In addition, defense counsel was able to challenge these statements in his closing statement to the jury and identify any alleged lack of evidentiary support. Defense counsel extensively argued to the jury that they must "focus on" the evidence, and the evidence did not support the other disputed characterizations of defendant, such as being "crazy" or using "meth." For example, defense counsel reminded the jury they had access to relevant testimony and certain parts of defendant's criminal record from which they could assess the accuracy of the "career criminal" characterization. Defense counsel emphasized to the jury that defendant's record only contained two felony convictions for gun possession, and there was no evidence of any convictions for violence.

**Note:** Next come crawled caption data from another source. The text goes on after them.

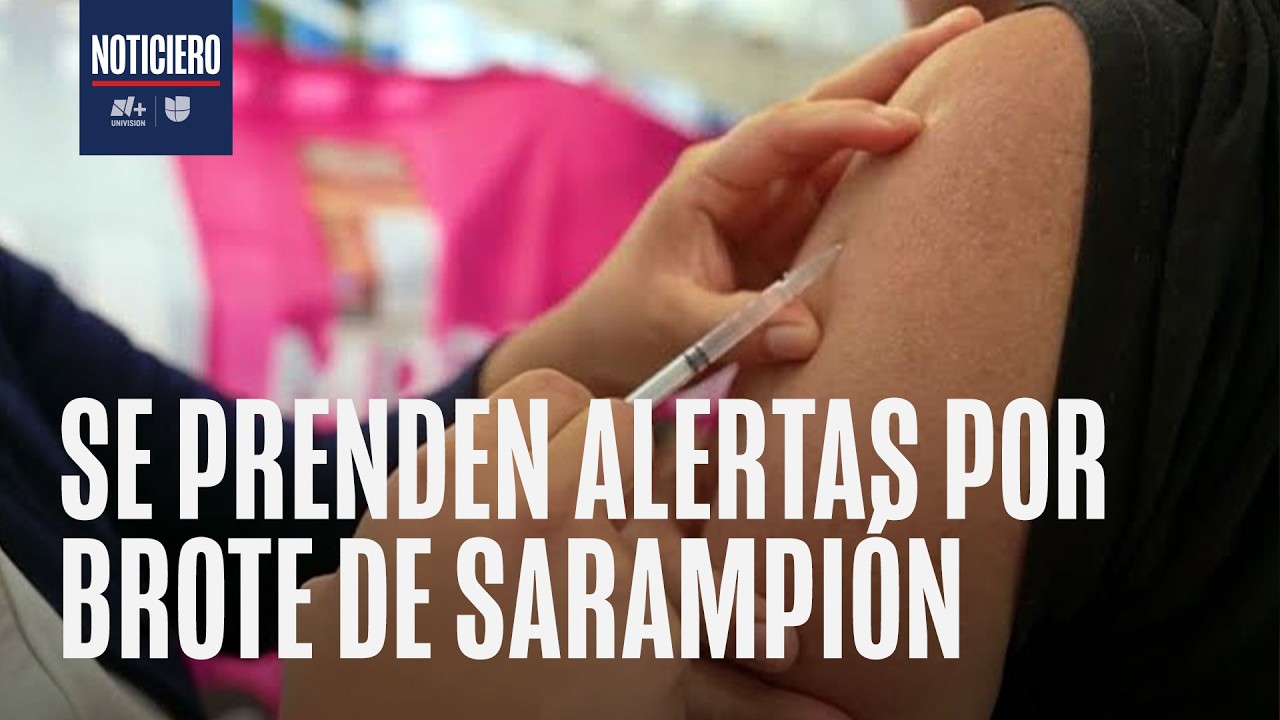 Brote de Sarampión: México suma 26 muertes, mientras EEUU cuadruplica sus casos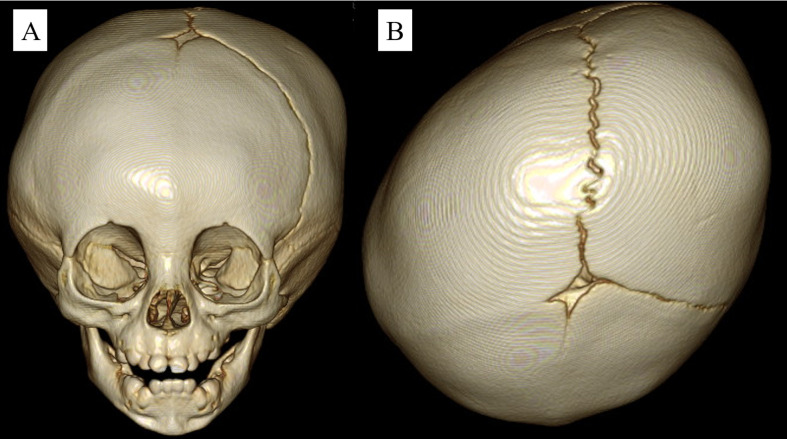 Transient central diabetes insipidus after cranioplasty for craniosynostosis in an infant with septo-optic dysplasia.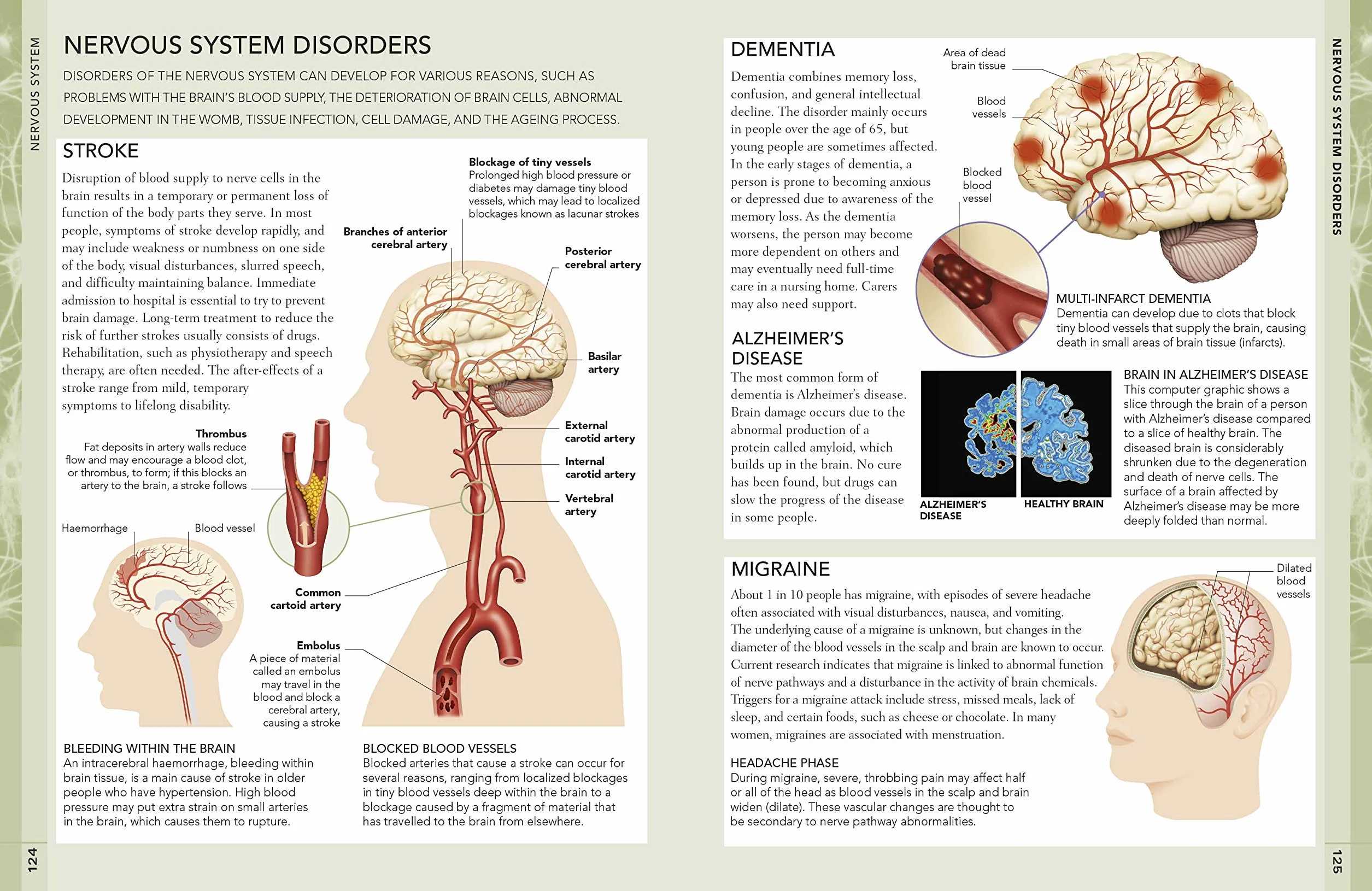 The Concise Human Body Book: An illustrated guide to its structure, function and disorders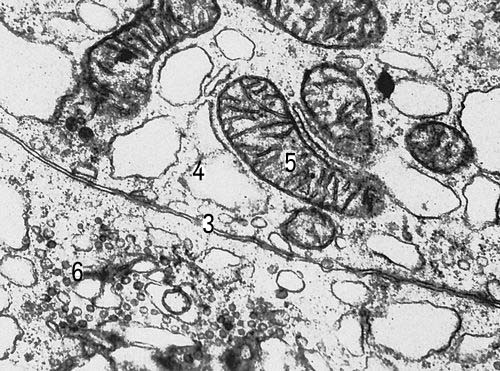 Участки двух клеток щитовидной железы крысы (увеличено в 30000 раз). Условные обозначения: 3 — клеточная оболочка, 4 — эндоплазматическая сеть, 5 — митохондрии, 6 — комплекс Гольджи.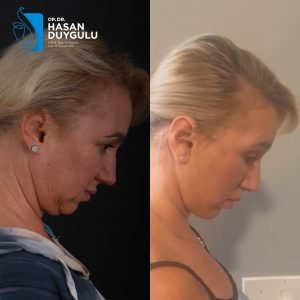 facelift-before-and-after-photos-turkey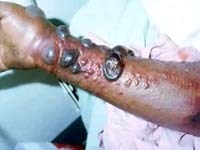 Bộ Y tế ban hành hướng dẫn chẩn đoán và điều trị bệnh do vi rút Ebola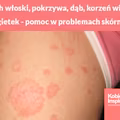 Orzech włoski, pokrzywa, dąb, korzeń wierzby i nagietek - Twoja pomoc w problemach skórnych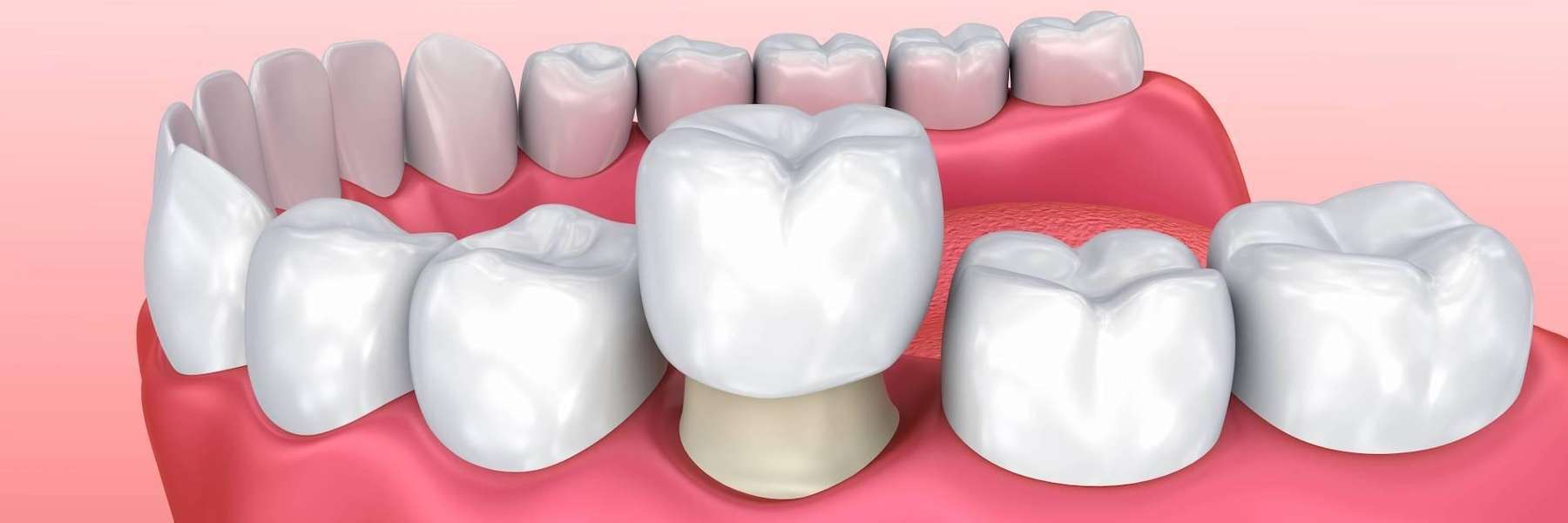 A model of Dental Crowns in Hermitage, PA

Defense counsel's ability to cross-examine Terry and argue the weaknesses in Terry's story and characterization of defendant during closing argument was adequate to protect defendant's right to a fair trial. (People v. Flores (2016) 2 Cal.App.5th 855, 881 ["inclusion of the legally erroneous theory was harmless beyond a reasonable doubt" in light of the evidence "and the closing arguments of counsel"]; see also People v. Walker (1986) 185 Cal.App.3d 155, 166-167 [finding that corroborative evidence and defense counsel's opportunity to discuss the weaknesses of eyewitness identifications during closing argument rendered the trial court's exclusion of expert testimony harmless error].) Moreover, other evidence in the record, such as Brown's testimony that defendant attempted to rob Elor and initiated the confrontation by drawing out his gun, supported the jury's verdict. Based on these considerations, admission of the disputed portions of the second police interview was harmless.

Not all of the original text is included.